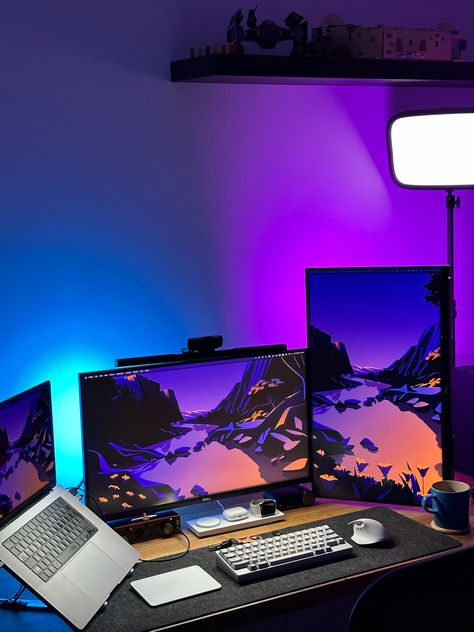 Home Office Streaming Setup, Laptop Monitor Setup, Gaming Battlestation, Console Setup, Gaming Photo, Computer Desk Organization, Laptop Setup, Wfh Setup, Home Studio Ideas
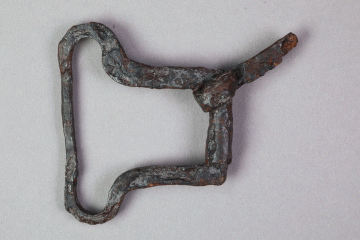 Schnalle aus Eisen vom Gotthardsberg, Unterfranken, 14. Jahrhundert, Fd.-Nr. 1069, H. 6,7 cm, Br. 8,1 cm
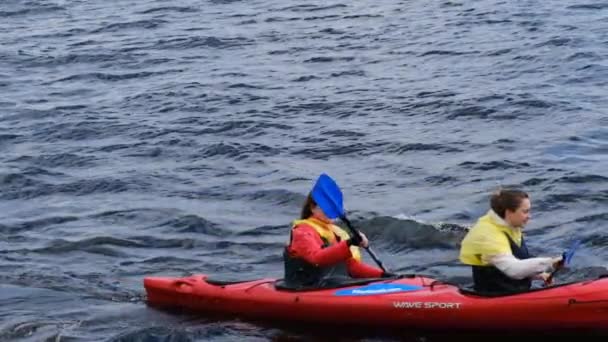 2021年7月17日 圣彼得堡 人们划艇 业余游客划桨 户外水上活动 河里的独木舟 — 图库视频影像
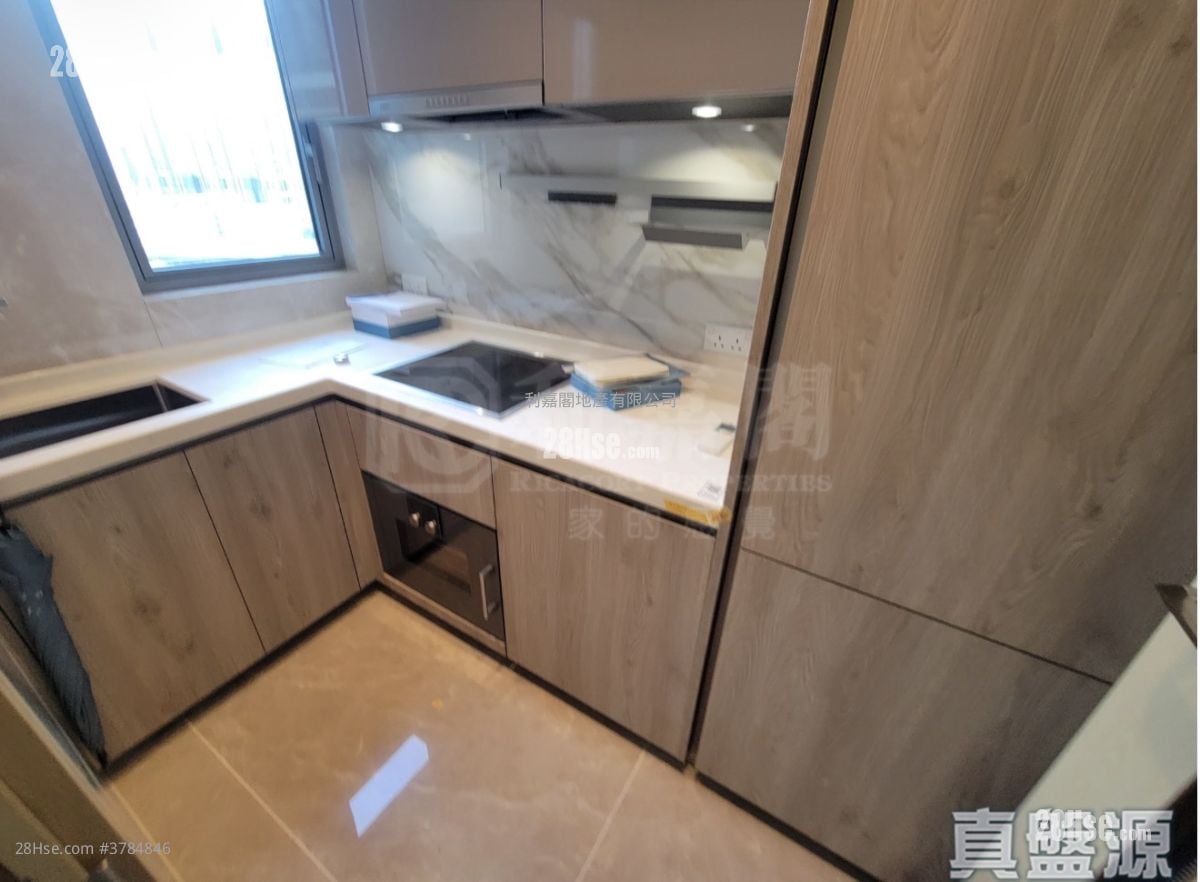 Grand Victoria Rental 2 Bedrooms , 1 Bathroom 532 ft²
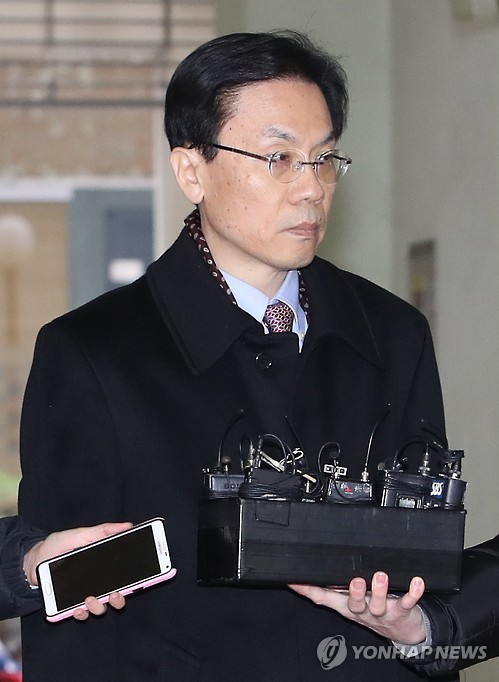 법원, '블랙리스트 재판'에 김희범 前문체부 차관 강제구인 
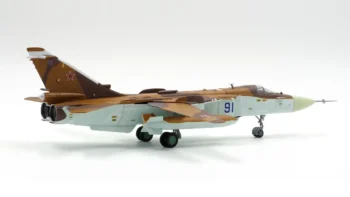 ماکت هواپیما سوخو کالیبر وینگز SU-24MR شمشیرباز روسی (1)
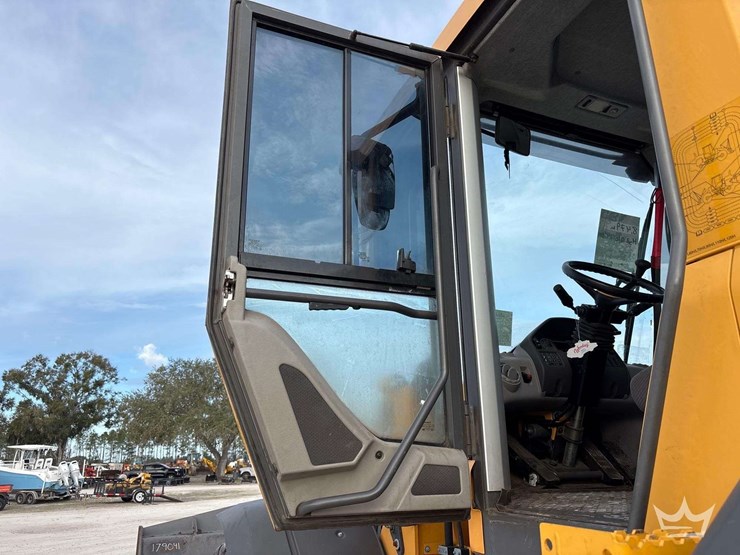 2020-volvo-l60h-image-25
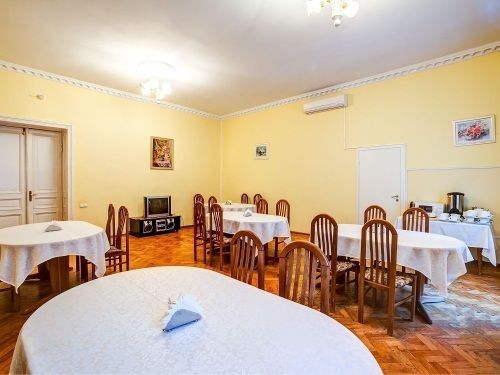 Imagen general del Hotel Osobnyak Voennogo Ministra. Foto 2
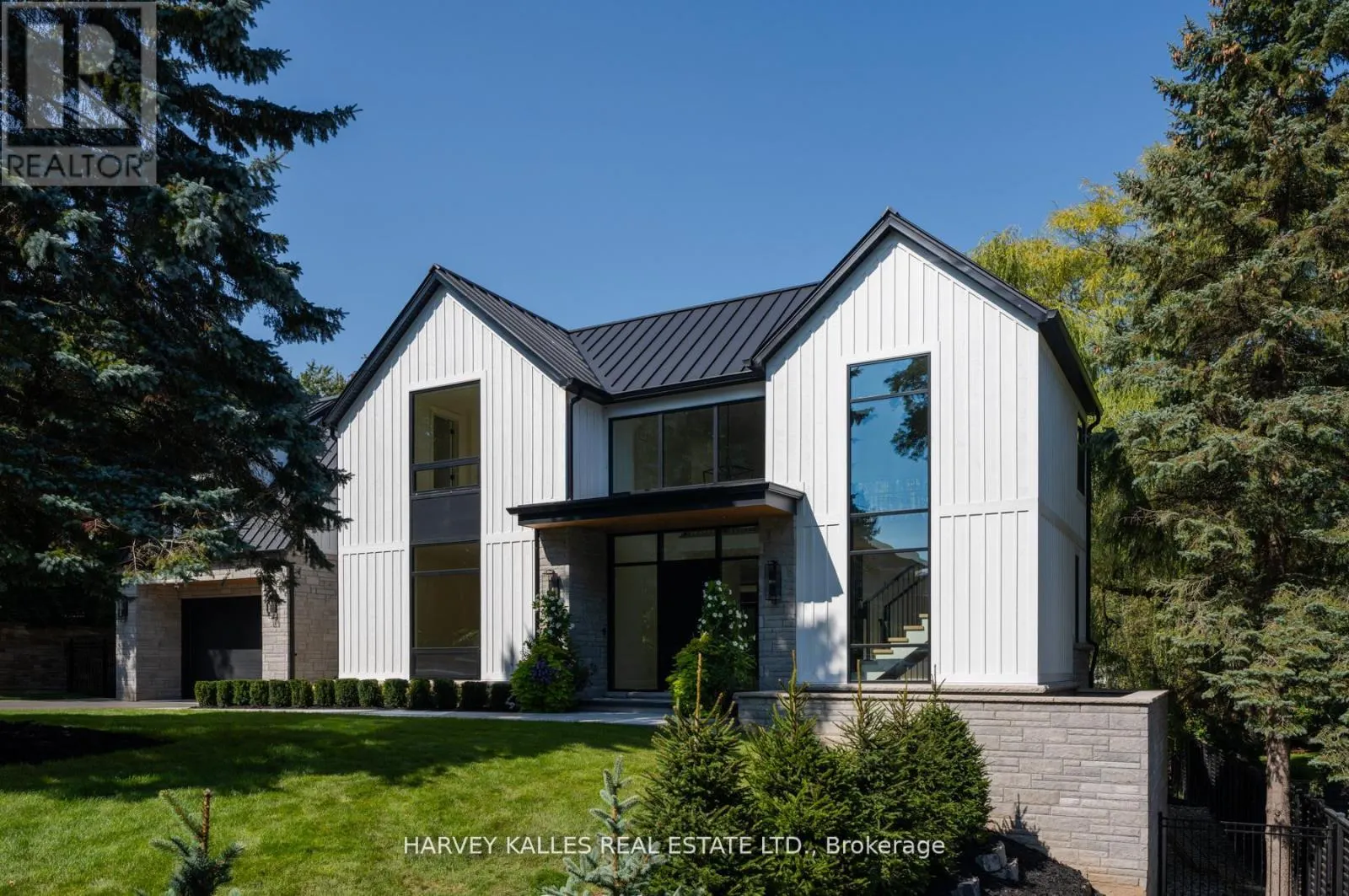 233 LAKEWOOD DRIVE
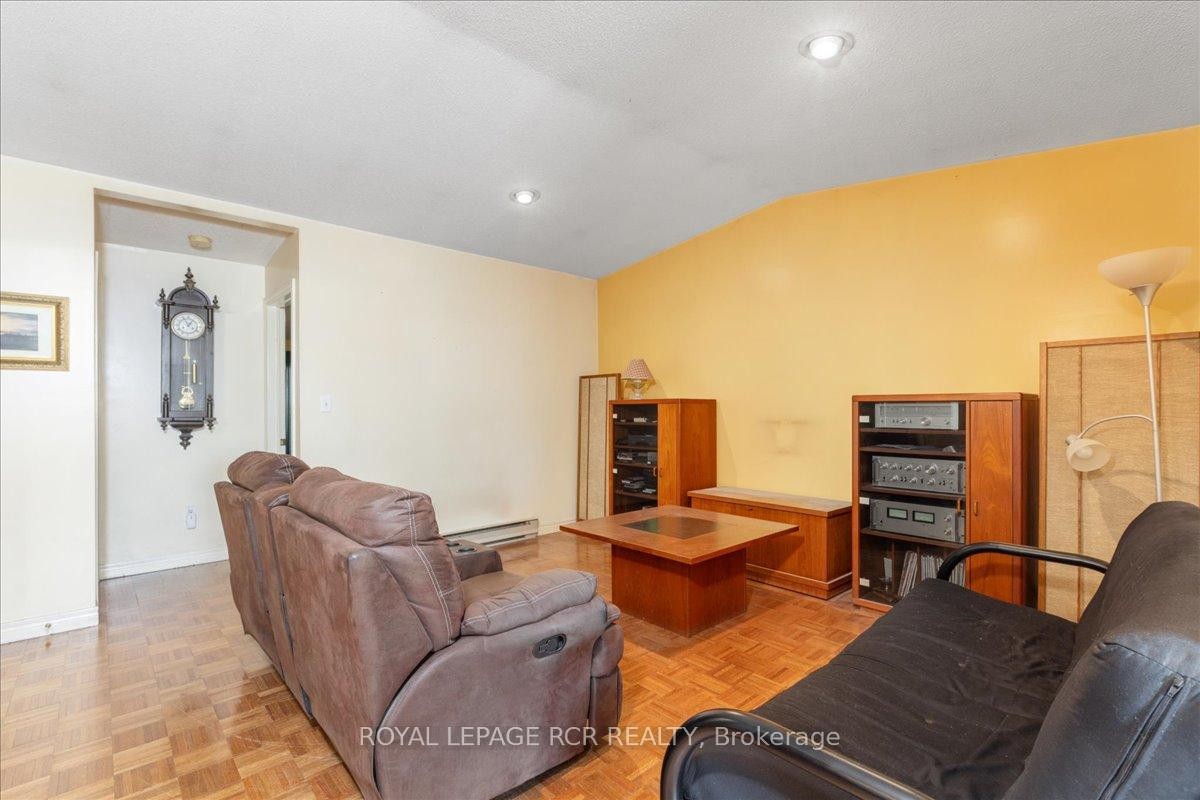 









159


North Port

Road,
Scugog,




ON
L9L 1B2

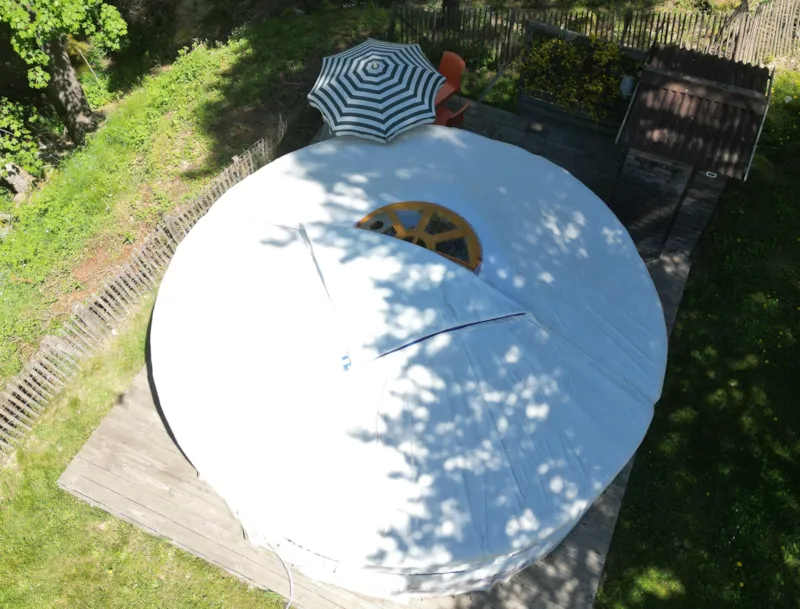 Yourte Traditionnelle Mongole De 20M² + Terrasse 2/3 Personnes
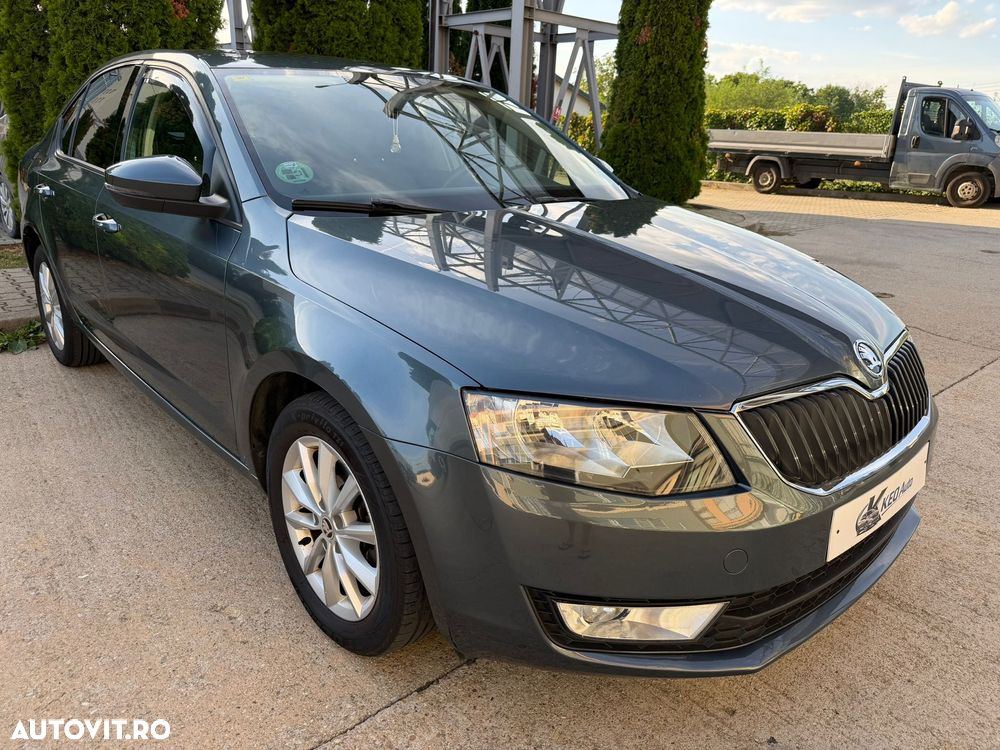 Skoda Octavia 2.0 TDI ELEGANCE DSG - 3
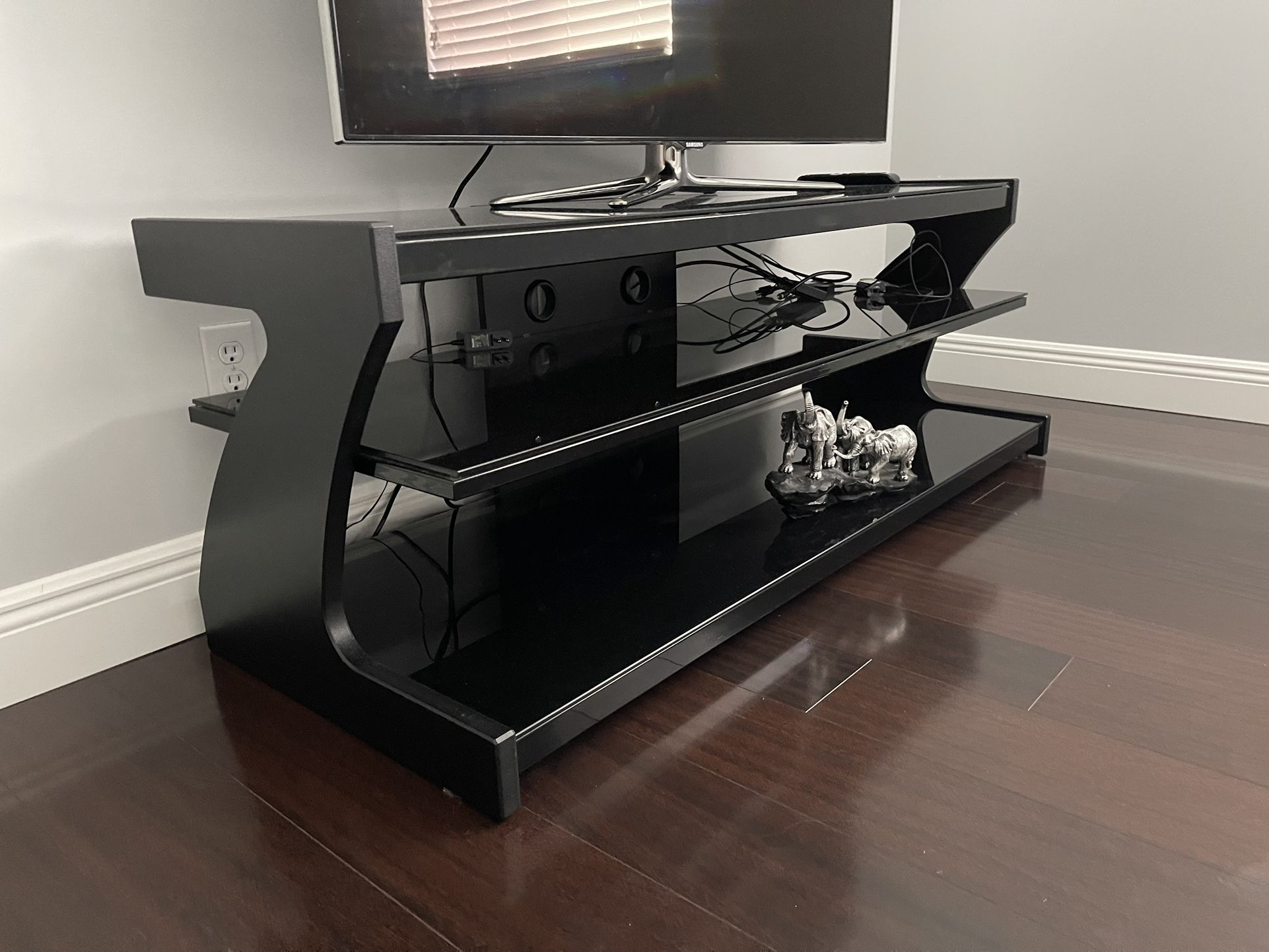 Tv Stand - Glass Shelves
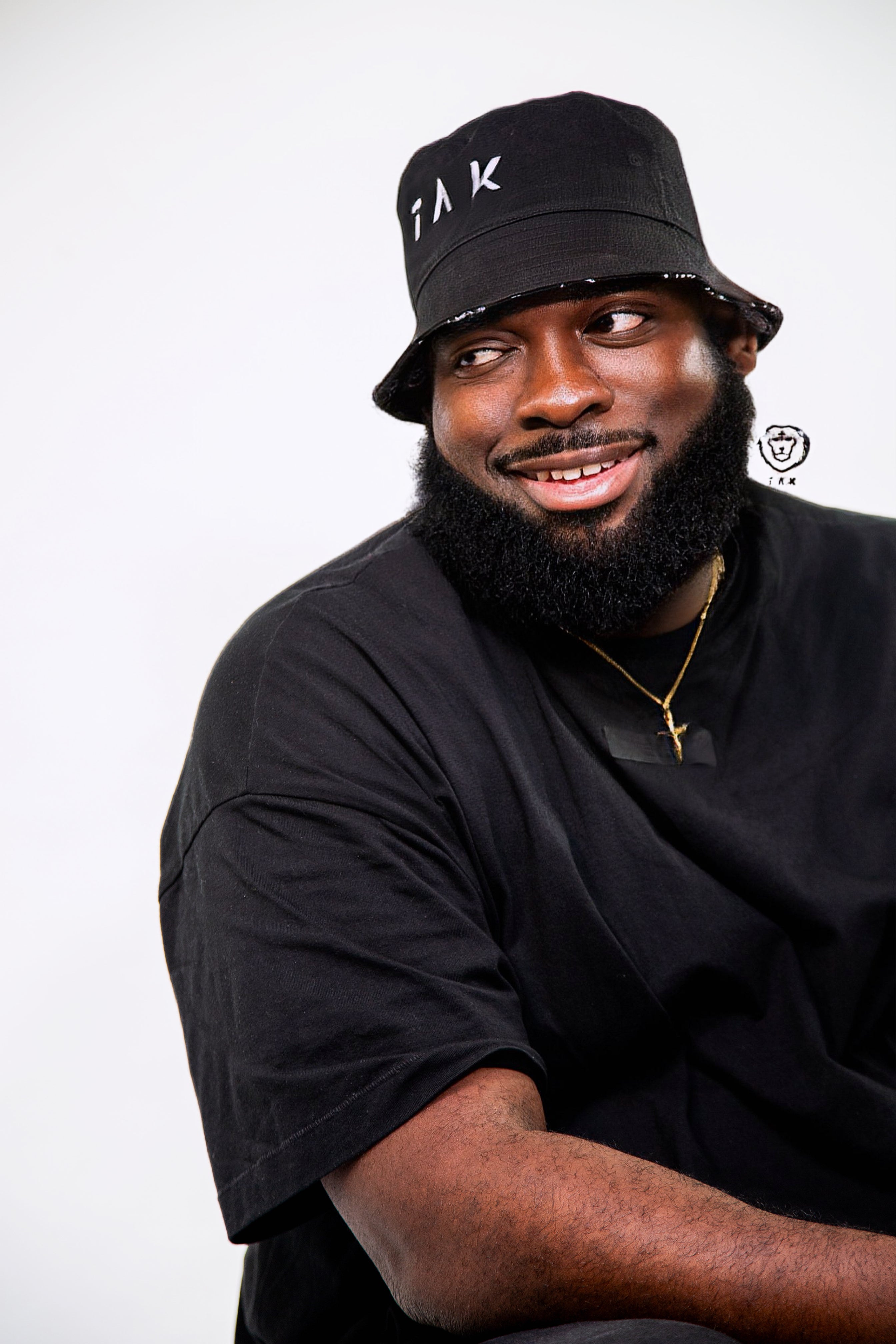 TAK REVERSIBLE BUCKET HATS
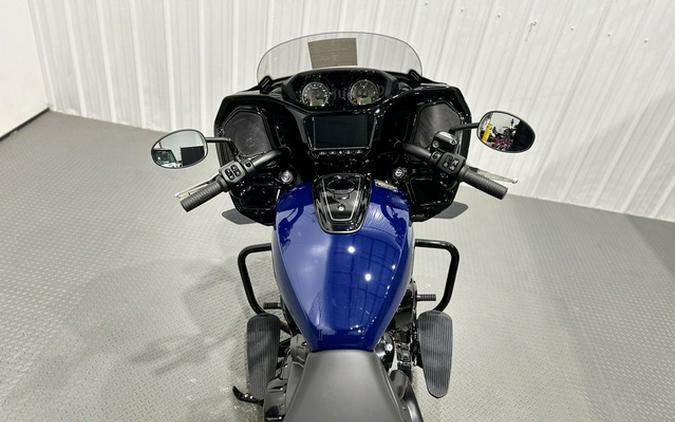 2025 Indian Challenger Dark Horse 112 w/PowerBand Audio Spri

## Assignment:
Restate, word for word and without pictures, the lines from the line containing "Imagen general del" to the last line of the records above.

## Result:
 Imagen general del Hotel Osobnyak Voennogo Ministra. Foto 2
 233 LAKEWOOD DRIVE









159


North Port

Road,
Scugog,




ON
L9L 1B2

 Yourte Traditionnelle Mongole De 20M² + Terrasse 2/3 Personnes
 Skoda Octavia 2.0 TDI ELEGANCE DSG - 3
 Tv Stand - Glass Shelves
 TAK REVERSIBLE BUCKET HATS
 2025 Indian Challenger Dark Horse 112 w/PowerBand Audio Spri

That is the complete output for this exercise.